Task: From the records below, extract only the lines running from the line with "So here's how" to the line with "Easy Deploy is", both lines included, reproducing them exactly.

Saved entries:

_____

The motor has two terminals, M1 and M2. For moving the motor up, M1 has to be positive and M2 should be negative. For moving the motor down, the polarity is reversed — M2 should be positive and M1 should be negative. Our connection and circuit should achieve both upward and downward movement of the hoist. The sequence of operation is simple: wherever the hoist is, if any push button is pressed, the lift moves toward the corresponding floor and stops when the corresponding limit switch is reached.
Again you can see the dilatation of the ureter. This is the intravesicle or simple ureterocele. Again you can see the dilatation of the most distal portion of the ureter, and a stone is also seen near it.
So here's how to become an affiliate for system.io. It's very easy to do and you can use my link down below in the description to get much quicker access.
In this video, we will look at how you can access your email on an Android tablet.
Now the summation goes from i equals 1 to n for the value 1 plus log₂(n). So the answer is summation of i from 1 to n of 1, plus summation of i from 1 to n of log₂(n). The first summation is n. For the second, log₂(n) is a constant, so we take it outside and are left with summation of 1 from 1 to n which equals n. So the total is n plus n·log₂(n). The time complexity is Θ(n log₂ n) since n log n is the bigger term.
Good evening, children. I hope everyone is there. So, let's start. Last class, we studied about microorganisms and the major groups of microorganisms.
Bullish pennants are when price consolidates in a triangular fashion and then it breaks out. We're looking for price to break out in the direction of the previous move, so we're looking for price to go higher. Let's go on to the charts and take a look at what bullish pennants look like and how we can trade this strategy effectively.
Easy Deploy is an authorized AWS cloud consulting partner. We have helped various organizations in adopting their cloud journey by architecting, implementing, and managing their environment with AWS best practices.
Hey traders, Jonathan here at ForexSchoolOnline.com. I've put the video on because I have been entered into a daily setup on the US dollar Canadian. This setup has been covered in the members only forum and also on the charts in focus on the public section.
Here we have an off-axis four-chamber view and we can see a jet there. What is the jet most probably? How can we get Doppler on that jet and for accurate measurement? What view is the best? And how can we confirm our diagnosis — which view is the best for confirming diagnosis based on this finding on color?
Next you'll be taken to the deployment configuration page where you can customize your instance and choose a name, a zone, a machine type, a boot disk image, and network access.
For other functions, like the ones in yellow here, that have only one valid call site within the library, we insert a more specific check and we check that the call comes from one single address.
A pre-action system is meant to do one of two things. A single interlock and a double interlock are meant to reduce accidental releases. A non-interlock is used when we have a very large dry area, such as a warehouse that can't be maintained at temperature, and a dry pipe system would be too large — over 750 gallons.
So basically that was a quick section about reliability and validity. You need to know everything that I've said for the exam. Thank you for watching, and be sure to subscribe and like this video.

_____

Task answer:
So here's how to become an affiliate for system.io. It's very easy to do and you can use my link down below in the description to get much quicker access.
In this video, we will look at how you can access your email on an Android tablet.
Now the summation goes from i equals 1 to n for the value 1 plus log₂(n). So the answer is summation of i from 1 to n of 1, plus summation of i from 1 to n of log₂(n). The first summation is n. For the second, log₂(n) is a constant, so we take it outside and are left with summation of 1 from 1 to n which equals n. So the total is n plus n·log₂(n). The time complexity is Θ(n log₂ n) since n log n is the bigger term.
Good evening, children. I hope everyone is there. So, let's start. Last class, we studied about microorganisms and the major groups of microorganisms.
Bullish pennants are when price consolidates in a triangular fashion and then it breaks out. We're looking for price to break out in the direction of the previous move, so we're looking for price to go higher. Let's go on to the charts and take a look at what bullish pennants look like and how we can trade this strategy effectively.
Easy Deploy is an authorized AWS cloud consulting partner. We have helped various organizations in adopting their cloud journey by architecting, implementing, and managing their environment with AWS best practices.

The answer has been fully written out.